Balzac situates Frenhofer’s studio at exactly the same Left Bank address in Rue des Grands-Augustins, near the Seine, where Picasso lived from 1937 to 1955. The Vollard edition included 12 etchings by Picasso; the copy here was further embellished by Picasso throughout, with four large drawings in coloured crayon, 76 pen-and-ink drawings, and 65 other graphic doodlings in colour. Picasso offered the book to his close friend Paul Eluard.

The other sale highlight was the double-estimate €75,000 (£48,000) paid for 61 unpublished letters written between 1848 and 1857, mainly from his exile in the Channel Islands, by Victor Hugo to Alphonsine Masson, who served as his Paris-based go-between with his mistress Léonie Biard-d’Aunet.

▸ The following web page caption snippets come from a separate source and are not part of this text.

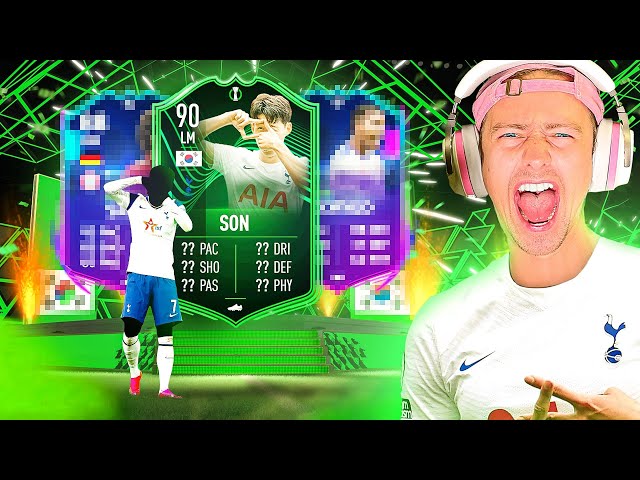 *INSANE* RTTF PACK OPENING | FIFA 22 Pack Opening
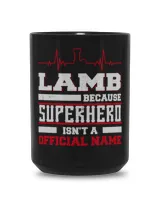 Black Mug 15oz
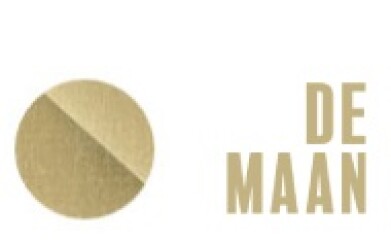 Beeldsmederij De Maan logo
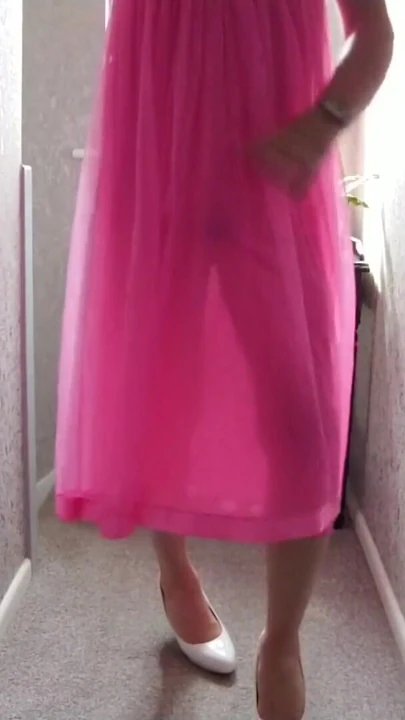 I love my new sexy nightie | Clip 2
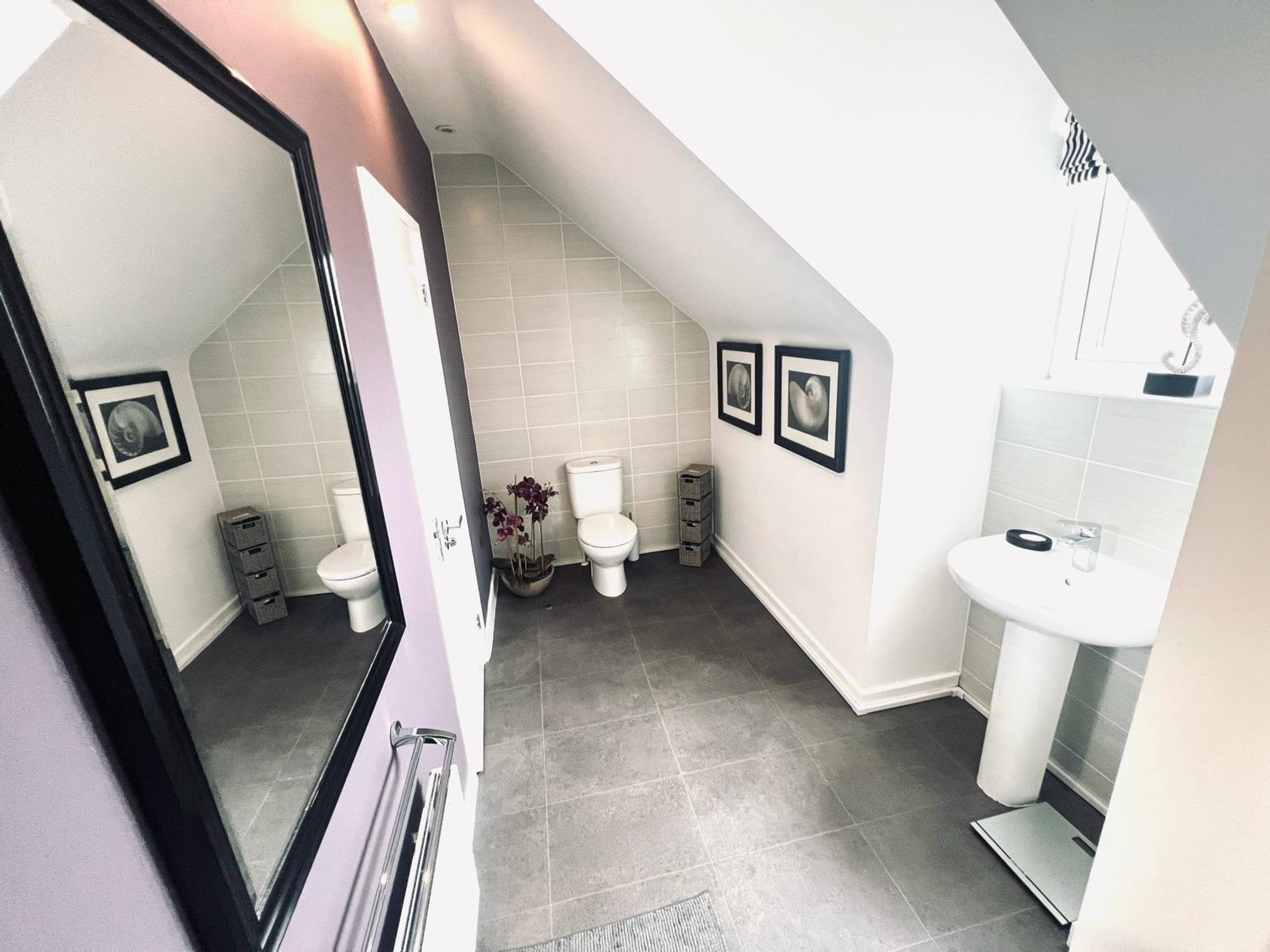 En-suite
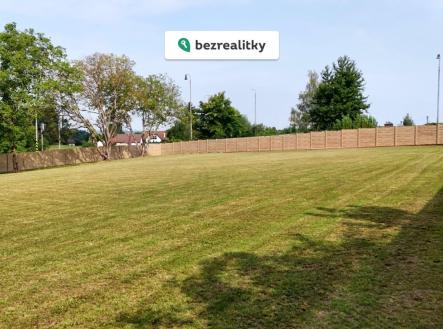 Prodej pozemku pro komerční výstavbu, 2 900 m²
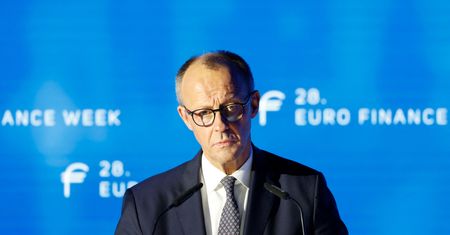 Merz rozmawiał z Trumpem. Będą rozmowy doradców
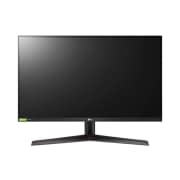 모니터 LG 울트라기어 게이밍모니터 (27GN600.BKR) 썸네일이미지 2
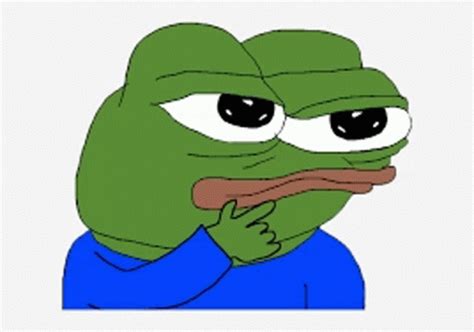 Pepe Le Pew Meme - Pepe Le Pew - Discover & Share GIFs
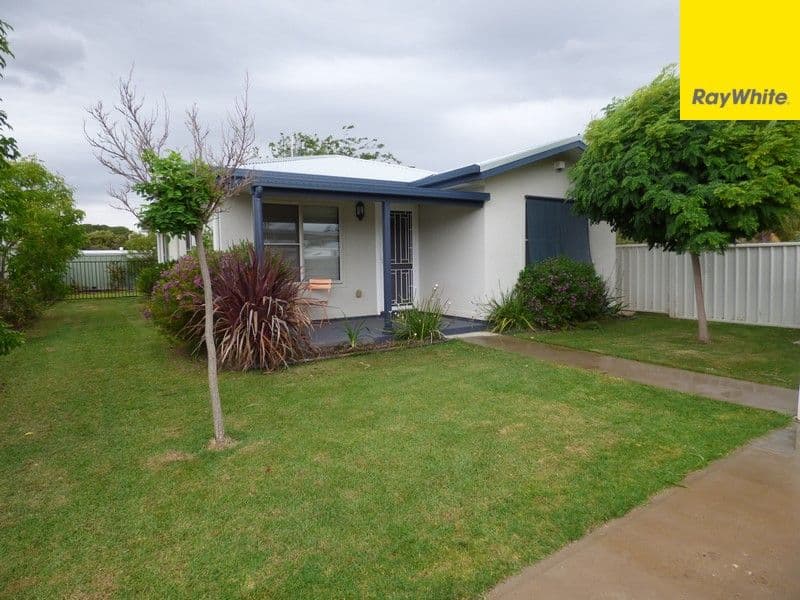 63 York Street, Forbes - Image 1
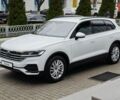 купити нове авто Фольксваген Туарег 2025 року від офіційного дилера Автомобільний Дім Volkswagen Фольксваген фото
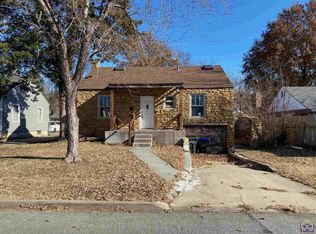 2008 SW Atwood Ave, Topeka, KS 66604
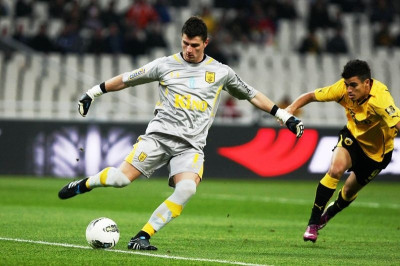 Βελλίδης: «Νίκη για να φτιάξει η ψυχολογία»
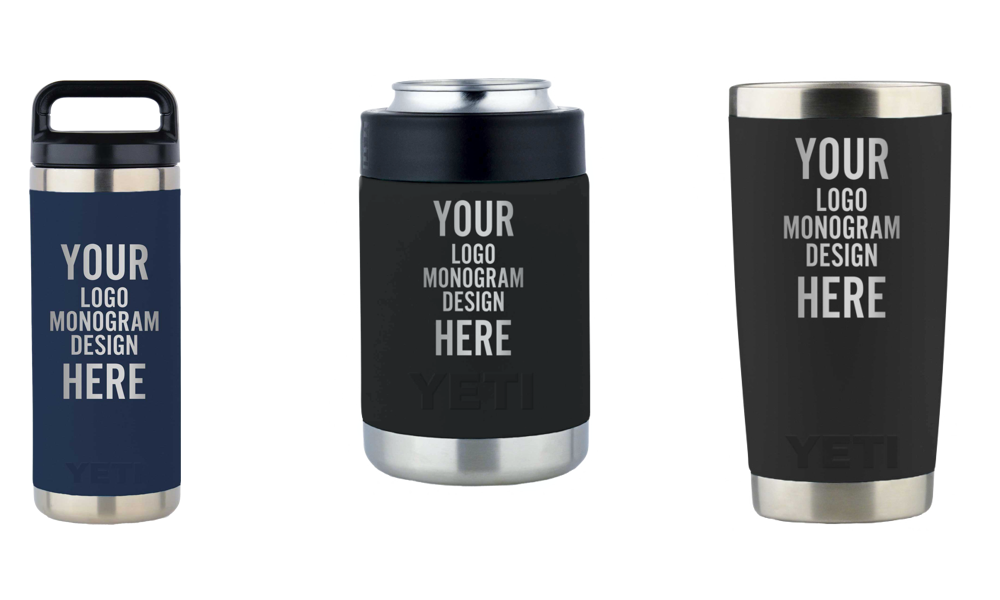 Personalize By Engraving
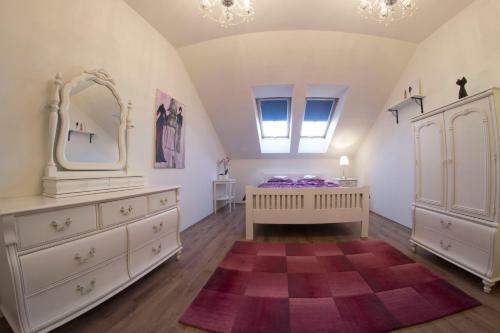 Prague Gate Apartments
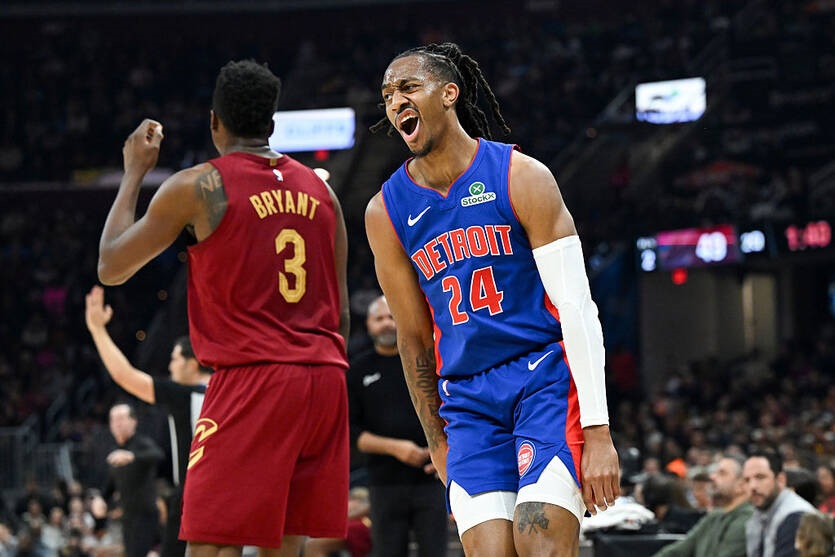 Новини спорту - НБА: Бруклін виявився сильнішим за Денвер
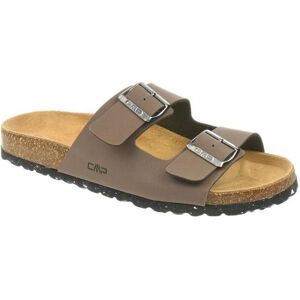 CMP Campagnolo, Herren, Flip-Flops, Öko-Flip-Flops Thalitha, Braun, (44) CMP Campagnolo, Herren, Flip-Flops, Öko-Flip-Flops Thalitha, Braun, (44)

• The first of two extant typescripts of Marcel Proust’s Sodome et Gomorrhe I, including four lengthy paste-ons and various autograph revisions and reworkings, sold to Paris dealer Jean-Claud Vrain for €200,000 (£128,000) at Christie’s on November 29. The 51ff typescript, formerly in the André Ferré archive, dated from late 1920; the book was published in May 1921. No galley proof is known to survive and the second typescript has only light revisions. Vrain carried off seven of the sale’s top ten lots, four of them involving manuscripts or typescripts of Proust’s La Prisonnière.

• Schubert’s two-page manuscript score for his song An die Musik, written in March-April 1817 (after a poem by Franz von Schober) and offered by Schubert to the Polish pianist Adalbert Sowinsky, sold above top-estimate for €158,000 (£101,300) at Piasa on December 3.

Pictured right: one of the four large drawings in coloured crayons along with other sketches with which Picasso illustrated a 1931 edition of Balzac’s Le Chef d’Oeuvre Inconnu to create a world record price for a printed French book. It sold on December 5 at Sotheby’s just short of estimate for €550,000 (£353,000).